**What this task involves:**
Could you copy exactly the lines from the one containing "Garfield Nutty as a Fruitcake" through the last line of the records below, leaving out any pictures?

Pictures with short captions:
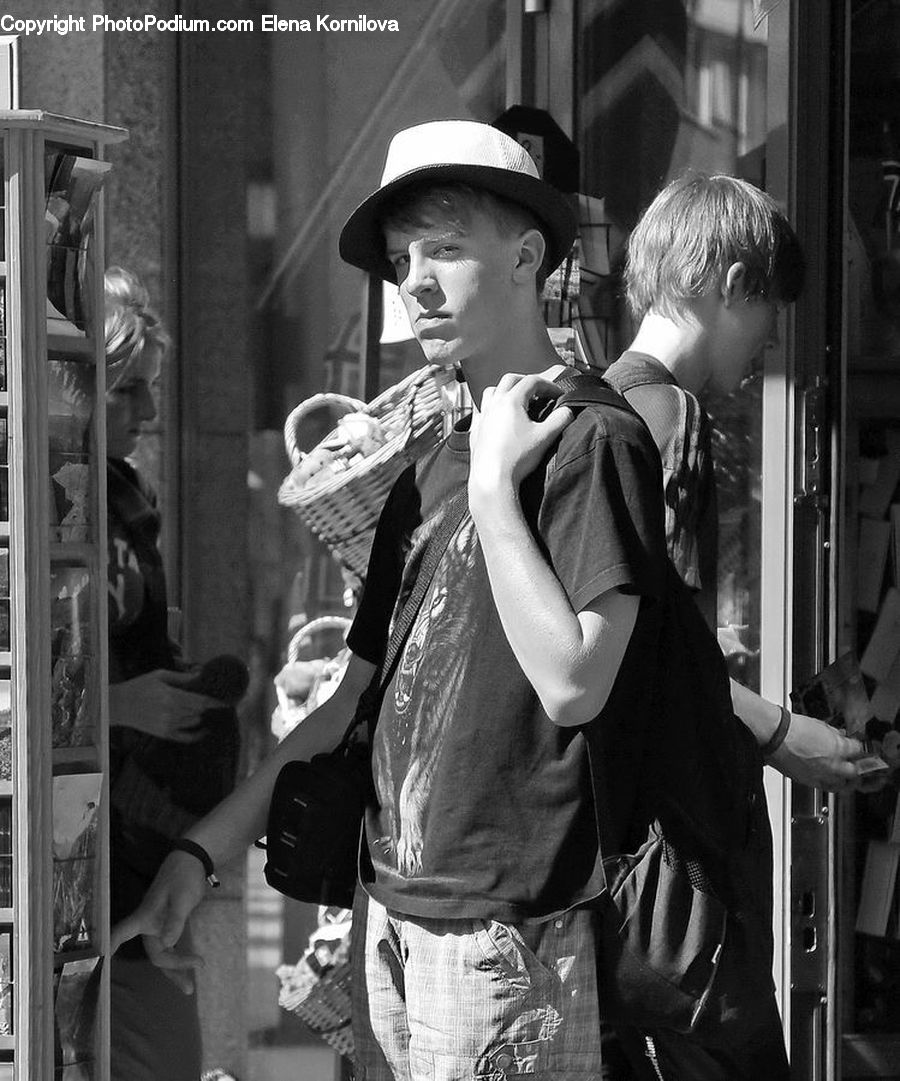 People, Person, Human, Performer, Brass Section, Horn, Musical Instrument
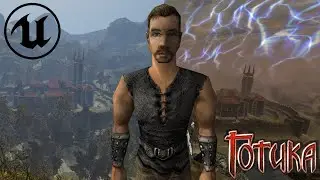 Готика на Unreal | Сравнение версий!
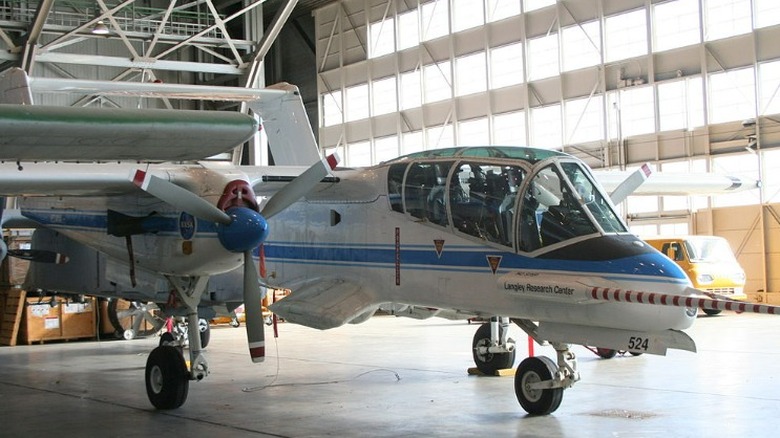 NASA OV-10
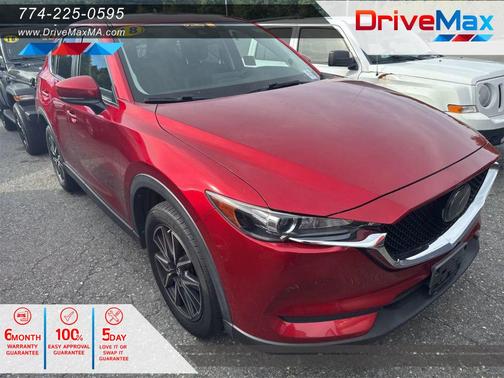 2018 Mazda CX-5 Sport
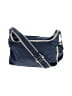 Eddie Bauer Solid Blue Crossbody Bag One size - photo 1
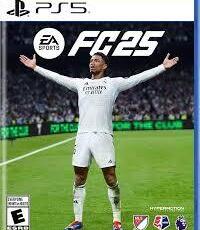  EA Sports FC 25 (PS5, русская версия) - PS5  PS4  КОНСОЛИ  ИГРЫ ГЕЙМПАДЫ СОФТ  ПО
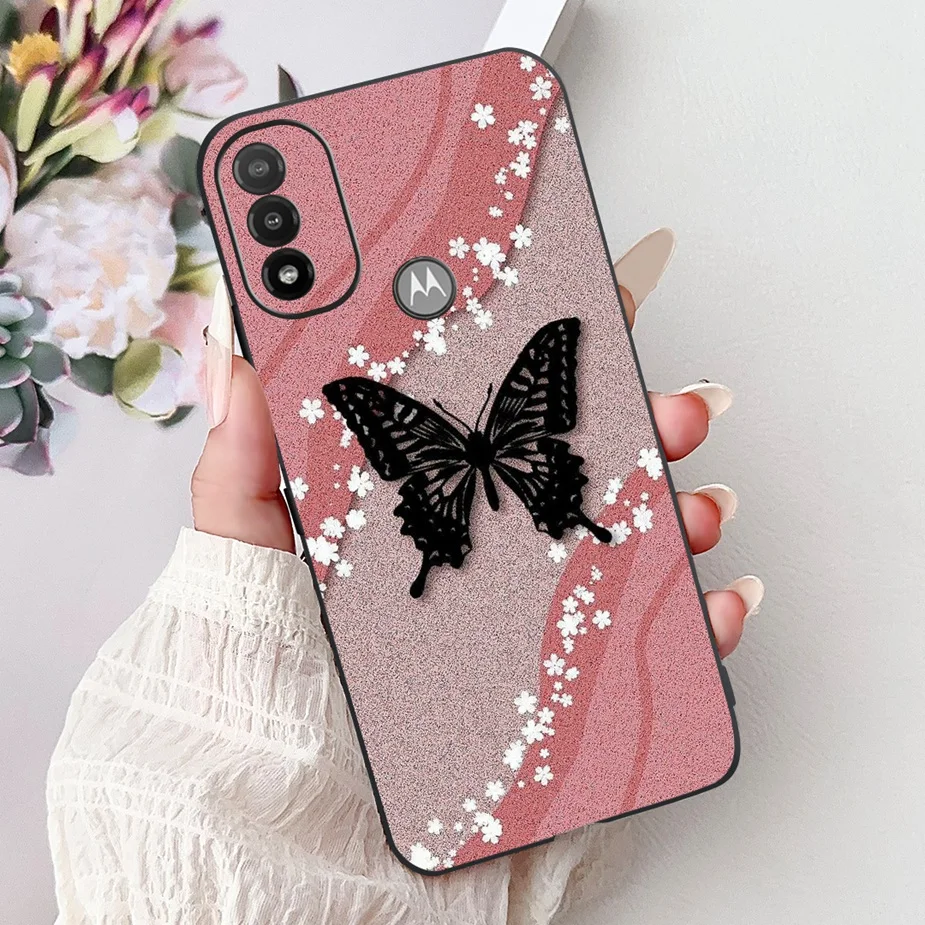 Luxury Pattern Soft Silicone Case - Stylish Protective Cover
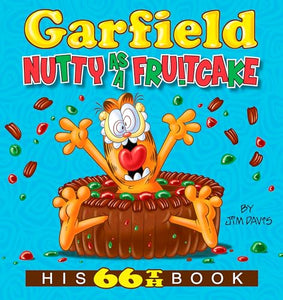 Garfield Nutty as a Fruitcake 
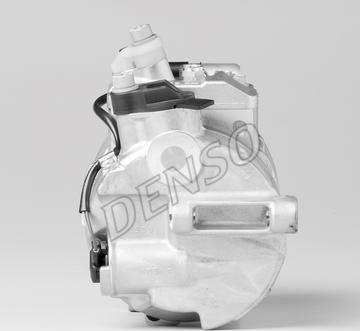 Denso DCP17128 - Компрессор кондиционера unicars.by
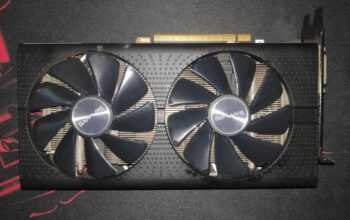 Rx 570 4GB VGA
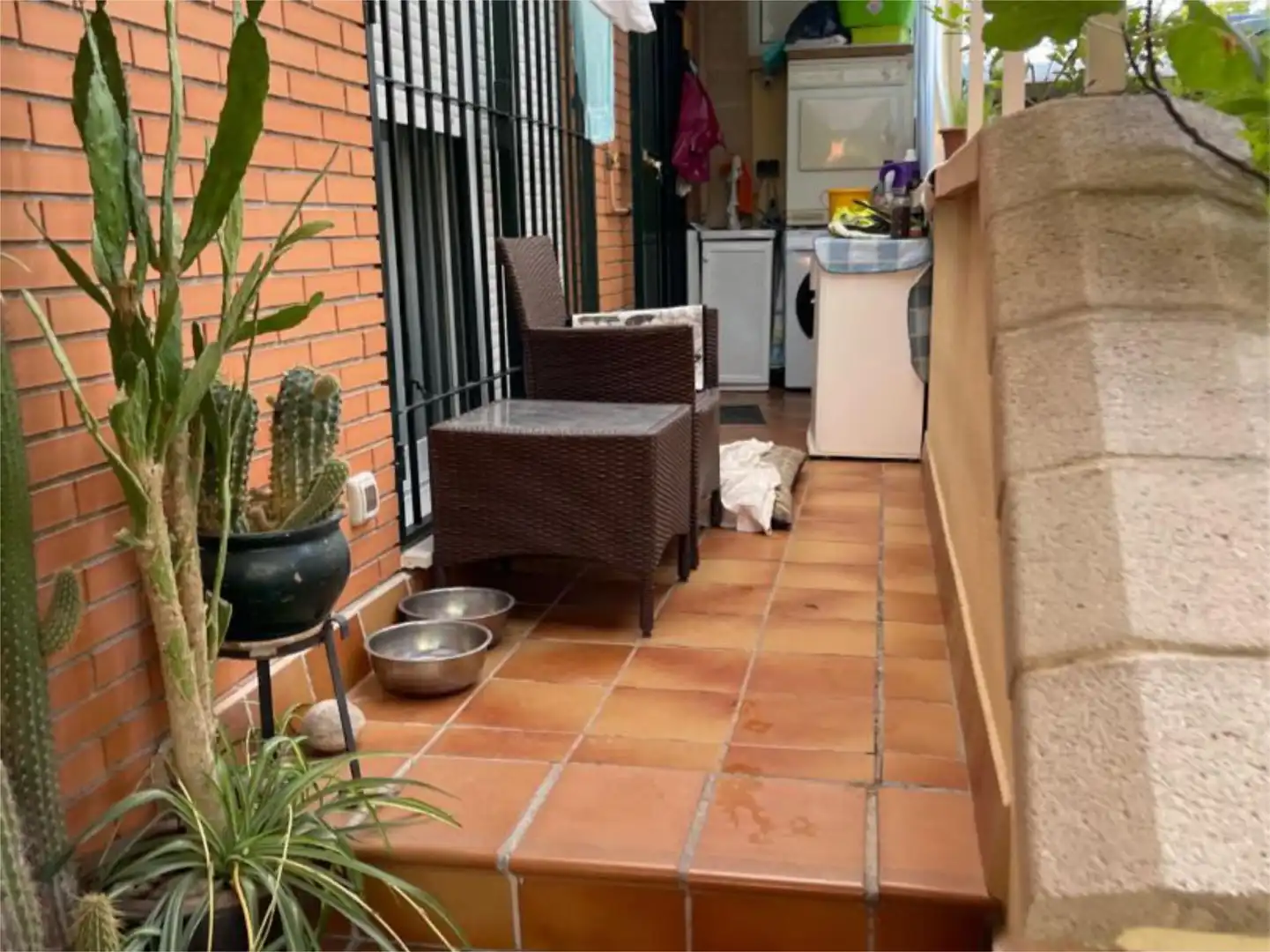 Pis en venda a Calle Matilde Cantos, 7, Parque Nueva Granada Terrassa de Pis en venda en Granada Capital amb Piscina i Balcó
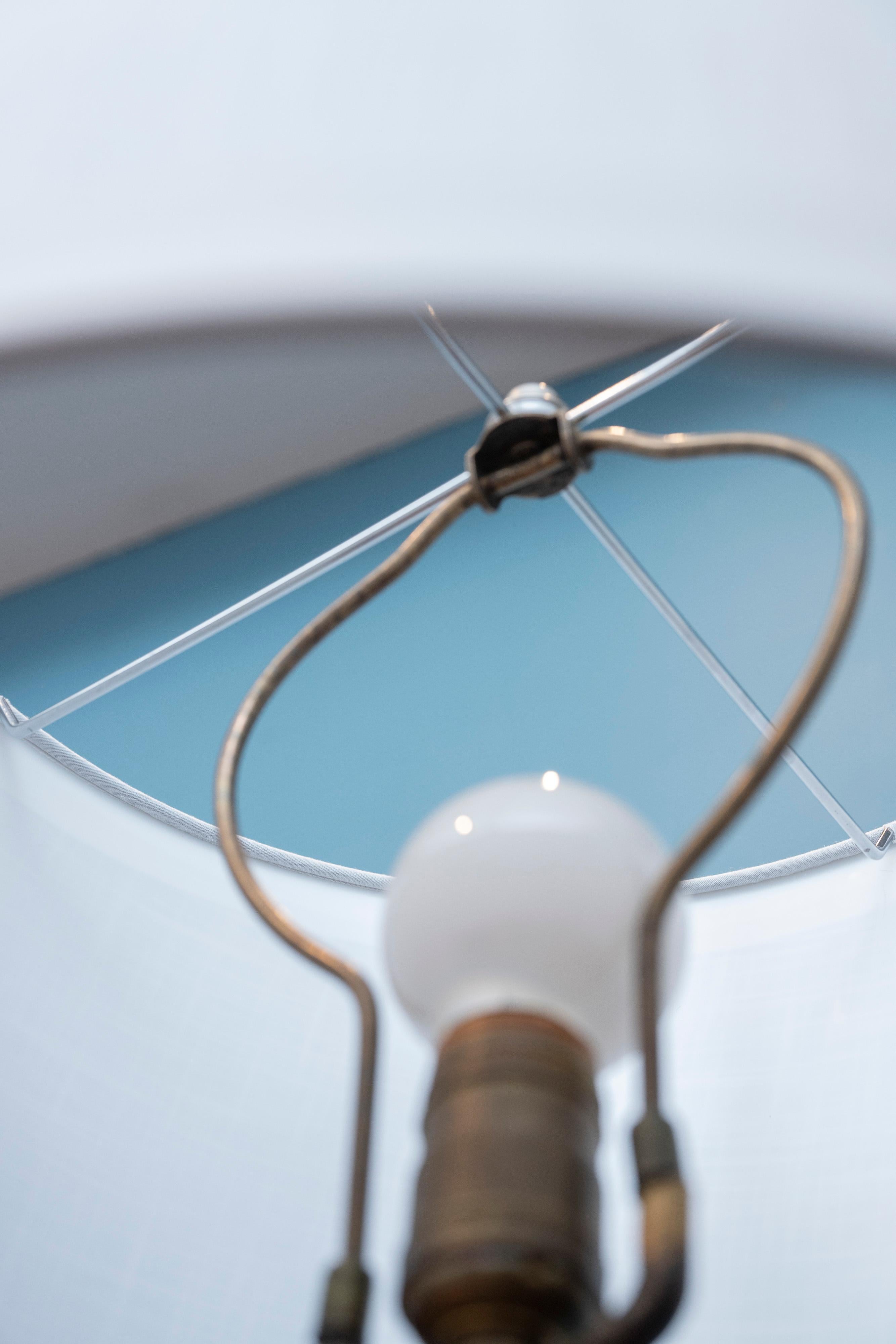 Gordon & Jane Martz Ceramic Lamp en Bueno estado para la venta en San Francisco, CA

**Exercise solution:**
 Garfield Nutty as a Fruitcake 
 Denso DCP17128 - Компрессор кондиционера unicars.by
 Rx 570 4GB VGA
 Pis en venda a Calle Matilde Cantos, 7, Parque Nueva Granada Terrassa de Pis en venda en Granada Capital amb Piscina i Balcó
 Gordon & Jane Martz Ceramic Lamp en Bueno estado para la venta en San Francisco, CA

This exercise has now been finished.